A brief history
Laos, officially the Lao People's Democratic Republic, is a landlocked communist state in southeast Asia, bordered by Myanmar (Burma) and China to the northwest, Vietnam to the east, Cambodia to the south, and Thailand to the west.
Laos traces its history to the Kingdom of Lan Xang or Land of a Million Elephants, which existed from the fourteenth to the eighteenth century. After a period as a French colony, it gained independence in 1949. A long civil war ended when the communist Pathet Lao came to power in 1975.
Private enterprise has increased since the mid-1980s. Laos has been ranked among the lowest countries in terms of economic and political freedom. Despite this, the economy of Laos grew at 7.2% in 2006, 35th fastest in the world. Eighty percent of the employed practice subsistence agriculture. The country's ethnic make-up is extremely diverse, with only around 70% belonging to the largest ethnic group, the Lao.

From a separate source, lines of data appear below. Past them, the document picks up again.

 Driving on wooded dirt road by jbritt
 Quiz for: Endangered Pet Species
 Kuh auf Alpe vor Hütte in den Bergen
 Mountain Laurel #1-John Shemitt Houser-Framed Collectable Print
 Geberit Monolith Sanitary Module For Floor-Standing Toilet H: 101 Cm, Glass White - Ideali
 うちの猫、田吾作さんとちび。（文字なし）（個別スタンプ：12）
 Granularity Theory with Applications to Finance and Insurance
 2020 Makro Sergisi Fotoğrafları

One of the world's few remaining communist states, Laos is one of east Asia's poorest countries. Since the collapse of the Soviet Union in 1991 it has struggled to find its position within a changing political and economic landscape.
Communist forces overthrew the monarchy in 1975, heralding years of isolation. Laos began opening up to the world in the 1990s, but despite tentative reforms, it remains poor and dependent on international donations.